Article ID: 2025-0064
We aimed to report our experience with exoscopic keyhole clipping of unruptured middle cerebral artery aneurysms using multiple 4K 3-dimensional monitors.
We performed sphenoid ridge keyhole clipping of unruptured middle cerebral artery aneurysms using the ORBEYE exoscope (Sony Olympus Medical Solutions, Inc., Tokyo, Japan) with multiple 4K 3-dimensional monitors in 19 patients in our institution from 2020 to 2023. A 55-inch monitor was placed facing the surgeon at the end of an imaginary line extending through the Sylvian fissure ipsilateral to the target aneurysm. Two 32-inch movable sub-monitors were placed facing the surgeon at 45° angles to the left and right. Comparisons were made with a historical control group that comprised 21 patients who underwent the same procedure as above from 2017 to 2019 but with a surgical microscope rather than an exoscope.

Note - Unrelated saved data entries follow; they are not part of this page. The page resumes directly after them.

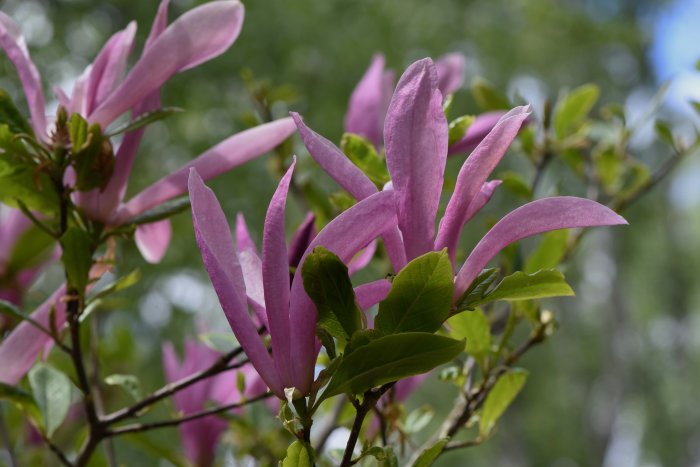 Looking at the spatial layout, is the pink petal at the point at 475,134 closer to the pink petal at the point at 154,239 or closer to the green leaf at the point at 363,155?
the green leaf at the point at 363,155

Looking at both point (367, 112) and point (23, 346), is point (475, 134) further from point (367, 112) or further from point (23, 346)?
point (23, 346)

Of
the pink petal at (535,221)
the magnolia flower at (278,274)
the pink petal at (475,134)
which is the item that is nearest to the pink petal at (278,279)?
the magnolia flower at (278,274)

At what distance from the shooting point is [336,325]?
432mm

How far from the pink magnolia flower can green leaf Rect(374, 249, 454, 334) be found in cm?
3

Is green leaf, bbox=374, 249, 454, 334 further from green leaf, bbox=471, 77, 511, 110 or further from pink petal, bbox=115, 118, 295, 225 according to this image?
green leaf, bbox=471, 77, 511, 110

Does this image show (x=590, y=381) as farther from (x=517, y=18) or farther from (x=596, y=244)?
(x=517, y=18)

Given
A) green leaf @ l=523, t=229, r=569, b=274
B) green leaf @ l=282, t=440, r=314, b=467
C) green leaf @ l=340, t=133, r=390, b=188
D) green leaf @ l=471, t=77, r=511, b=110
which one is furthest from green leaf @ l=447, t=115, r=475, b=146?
green leaf @ l=471, t=77, r=511, b=110

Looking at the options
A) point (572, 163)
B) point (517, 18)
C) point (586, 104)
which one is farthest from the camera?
point (517, 18)

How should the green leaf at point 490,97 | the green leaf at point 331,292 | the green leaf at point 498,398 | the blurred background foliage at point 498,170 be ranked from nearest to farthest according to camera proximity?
the green leaf at point 331,292
the green leaf at point 498,398
the green leaf at point 490,97
the blurred background foliage at point 498,170

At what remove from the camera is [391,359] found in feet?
1.39

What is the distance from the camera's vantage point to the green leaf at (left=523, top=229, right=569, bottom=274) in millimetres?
776

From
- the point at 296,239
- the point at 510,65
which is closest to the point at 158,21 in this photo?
the point at 296,239

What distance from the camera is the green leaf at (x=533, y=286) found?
1.50 ft

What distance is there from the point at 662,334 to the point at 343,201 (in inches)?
461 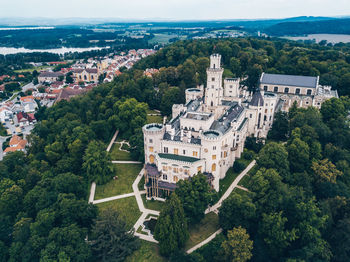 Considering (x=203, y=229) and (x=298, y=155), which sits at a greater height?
(x=298, y=155)

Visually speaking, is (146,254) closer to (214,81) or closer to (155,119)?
→ (214,81)

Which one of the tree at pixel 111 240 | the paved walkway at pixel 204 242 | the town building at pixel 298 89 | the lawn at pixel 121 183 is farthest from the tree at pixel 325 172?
the lawn at pixel 121 183

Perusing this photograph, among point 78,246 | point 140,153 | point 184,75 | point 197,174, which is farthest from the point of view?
point 184,75

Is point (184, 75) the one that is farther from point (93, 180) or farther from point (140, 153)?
point (93, 180)

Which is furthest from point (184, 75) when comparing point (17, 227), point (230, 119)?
point (17, 227)

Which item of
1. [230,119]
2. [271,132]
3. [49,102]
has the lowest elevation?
[49,102]

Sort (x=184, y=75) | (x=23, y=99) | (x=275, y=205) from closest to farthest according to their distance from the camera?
(x=275, y=205)
(x=184, y=75)
(x=23, y=99)

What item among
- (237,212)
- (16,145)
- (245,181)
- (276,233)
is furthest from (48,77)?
(276,233) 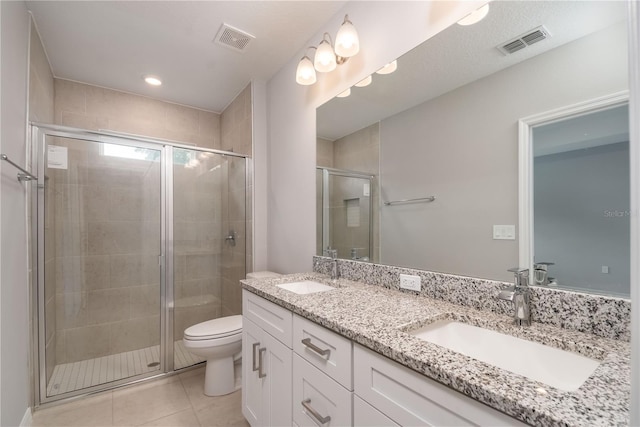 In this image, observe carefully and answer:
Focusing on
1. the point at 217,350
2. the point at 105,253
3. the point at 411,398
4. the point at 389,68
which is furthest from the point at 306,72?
the point at 105,253

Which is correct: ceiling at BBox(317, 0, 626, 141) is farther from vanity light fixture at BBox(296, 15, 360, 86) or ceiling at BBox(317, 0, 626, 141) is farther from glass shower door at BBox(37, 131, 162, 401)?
glass shower door at BBox(37, 131, 162, 401)

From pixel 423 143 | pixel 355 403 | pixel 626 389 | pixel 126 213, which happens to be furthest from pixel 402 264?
pixel 126 213

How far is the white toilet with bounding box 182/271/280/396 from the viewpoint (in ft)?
6.34

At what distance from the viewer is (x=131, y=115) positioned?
2.82 metres

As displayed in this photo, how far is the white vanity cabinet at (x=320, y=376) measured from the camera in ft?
2.93

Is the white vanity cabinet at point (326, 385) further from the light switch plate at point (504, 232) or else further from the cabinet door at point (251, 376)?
the light switch plate at point (504, 232)

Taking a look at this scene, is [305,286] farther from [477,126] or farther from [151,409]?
[151,409]

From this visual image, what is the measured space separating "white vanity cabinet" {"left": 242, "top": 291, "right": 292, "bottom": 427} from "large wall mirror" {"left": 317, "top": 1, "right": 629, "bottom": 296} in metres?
0.62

All exoscope group procedures were successfully accomplished using ORBEYE alone. Mean aneurysm diameter, craniotomy size, duration of intradural procedure, blood loss volume, and times of indocyanine green video angiography were similar in the exoscope and microscope groups. The mean indocyanine green dose was significantly lower in the exoscope group.
Keyhole clipping for unruptured middle cerebral artery aneurysms using an exoscope and multiple 4K 3-dimensional monitors was safe and efficient, and not inferior to using a surgical microscope, suggesting that there are no major barriers for neurosurgeons to switch from microscopic to exoscopic keyhole clipping.